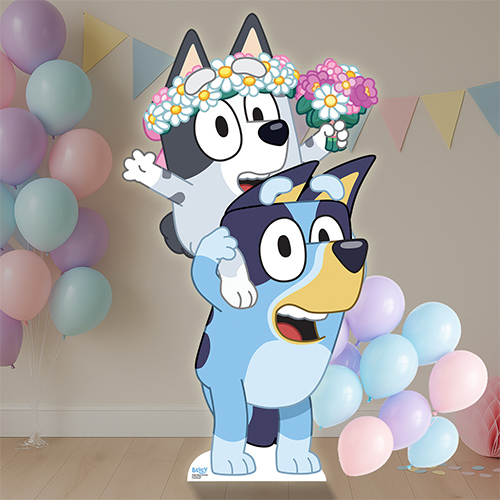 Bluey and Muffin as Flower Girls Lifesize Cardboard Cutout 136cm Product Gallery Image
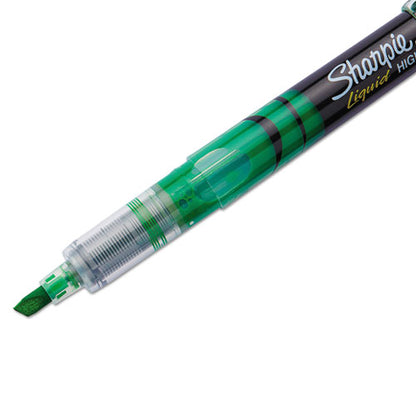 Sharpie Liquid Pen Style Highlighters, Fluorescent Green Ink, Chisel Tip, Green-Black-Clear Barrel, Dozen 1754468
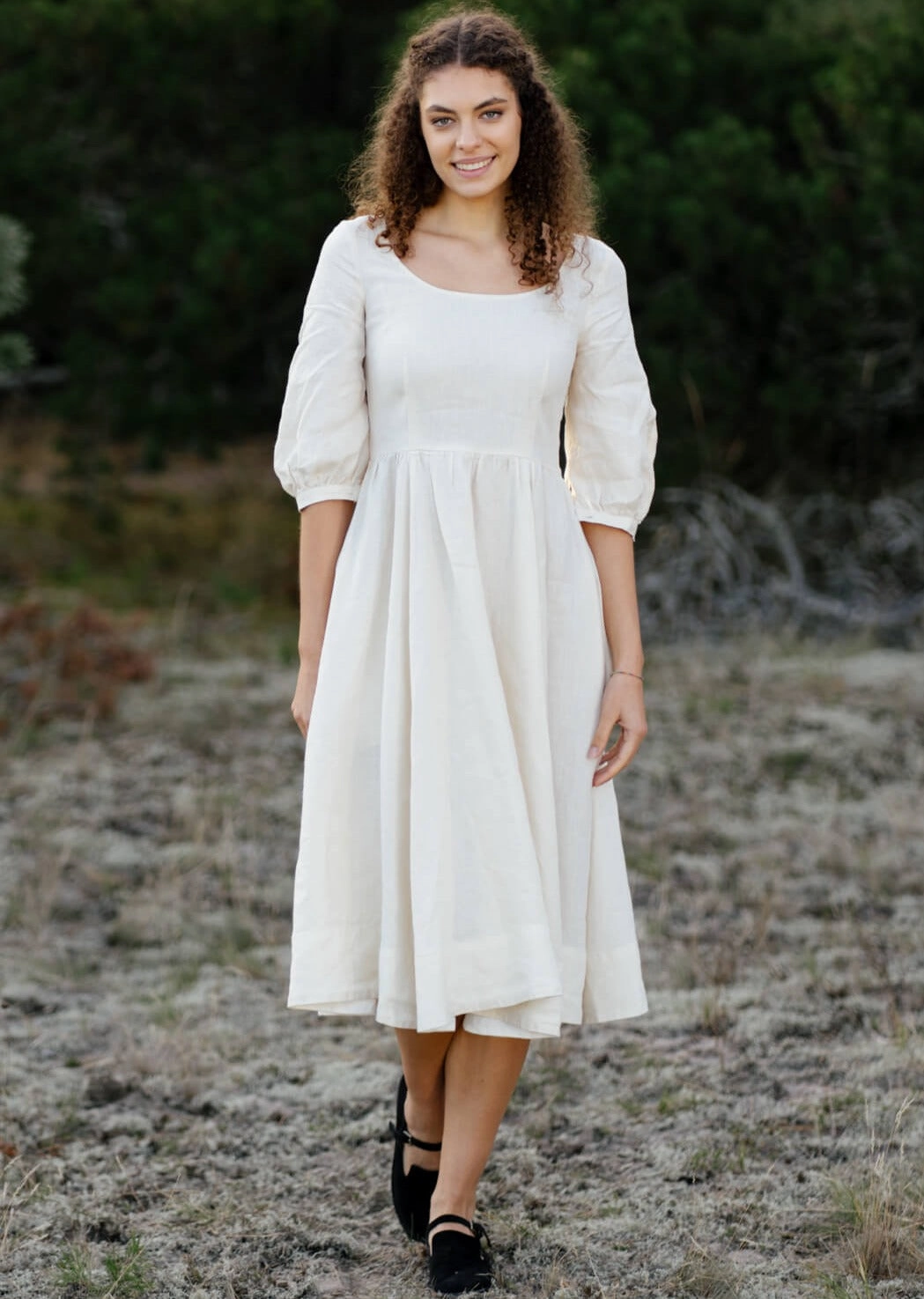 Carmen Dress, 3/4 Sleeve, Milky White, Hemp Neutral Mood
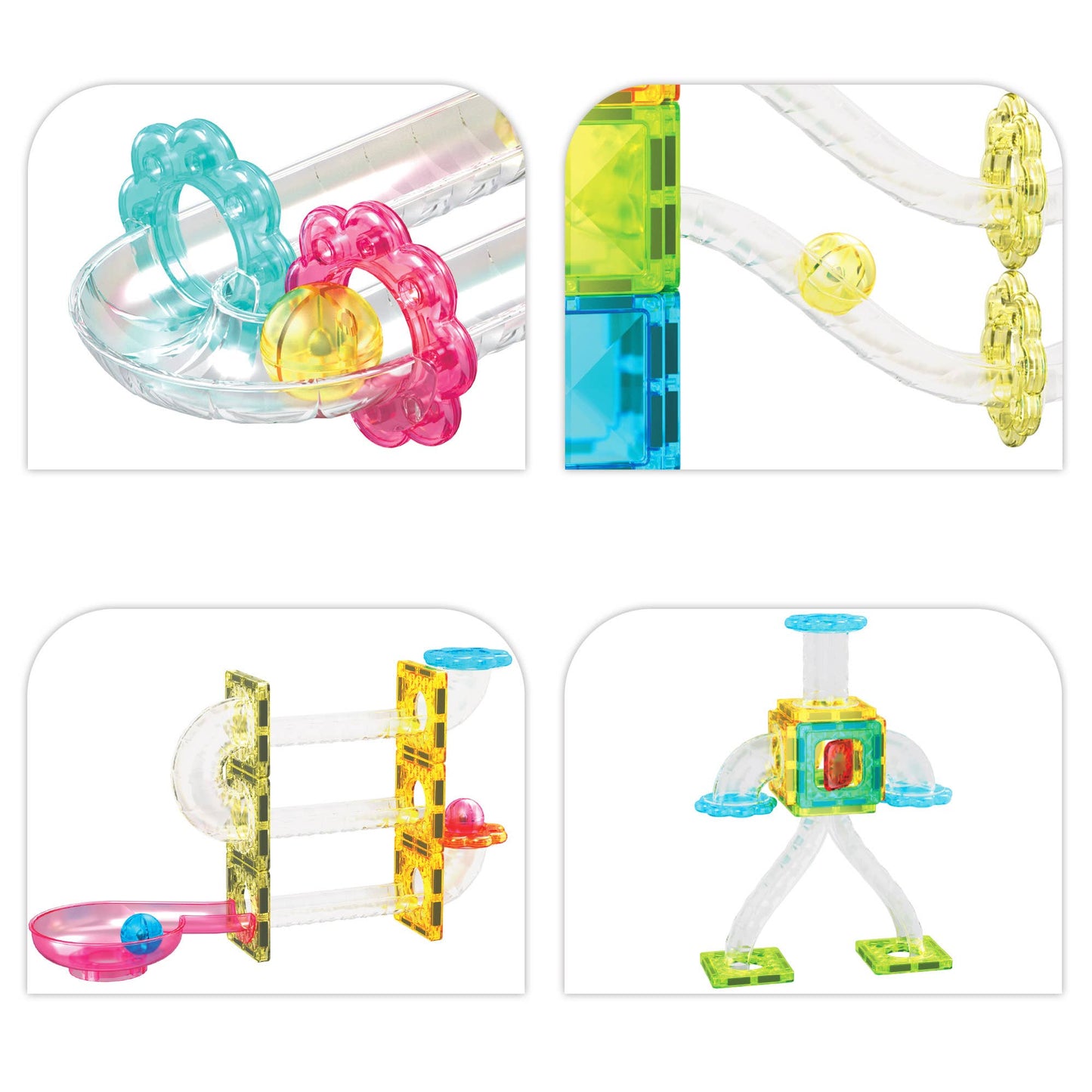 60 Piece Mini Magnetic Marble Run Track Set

...

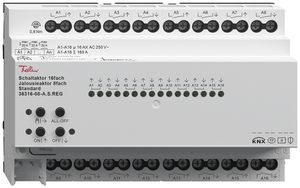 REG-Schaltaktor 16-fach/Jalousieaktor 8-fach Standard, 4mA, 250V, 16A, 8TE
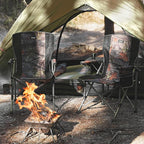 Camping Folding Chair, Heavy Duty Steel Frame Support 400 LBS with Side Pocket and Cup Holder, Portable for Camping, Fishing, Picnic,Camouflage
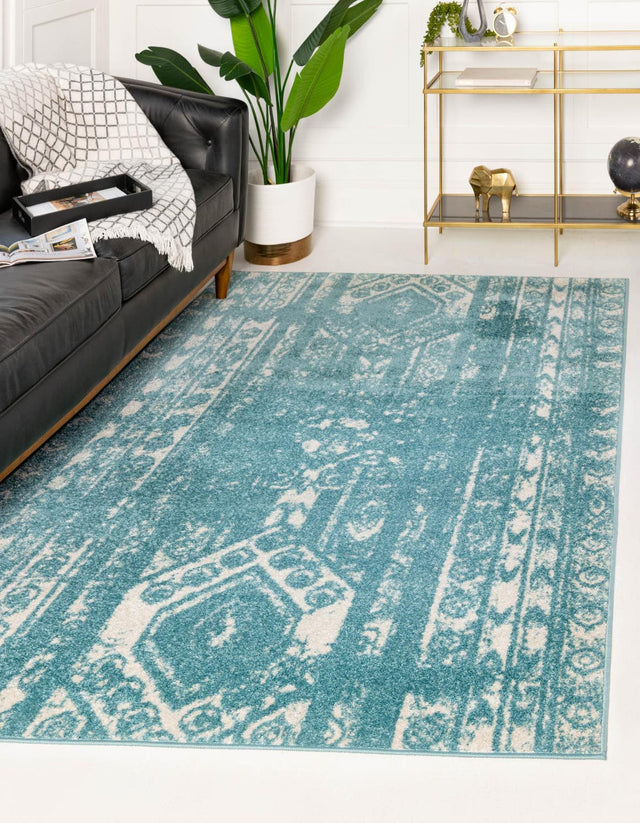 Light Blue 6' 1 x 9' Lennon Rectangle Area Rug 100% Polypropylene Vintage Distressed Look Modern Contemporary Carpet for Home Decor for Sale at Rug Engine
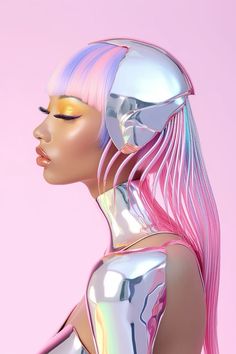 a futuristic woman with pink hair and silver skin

## Activity
Going by the data above, give back only the lines from the one containing "Bluey and Muffin" through the one containing "60 Piece Mini Magnetic Marble Run Track Set", exactly as they stand, both ends included and no images.

## Exercise response
 Bluey and Muffin as Flower Girls Lifesize Cardboard Cutout 136cm Product Gallery Image
 Sharpie Liquid Pen Style Highlighters, Fluorescent Green Ink, Chisel Tip, Green-Black-Clear Barrel, Dozen 1754468
 Carmen Dress, 3/4 Sleeve, Milky White, Hemp Neutral Mood
 60 Piece Mini Magnetic Marble Run Track Set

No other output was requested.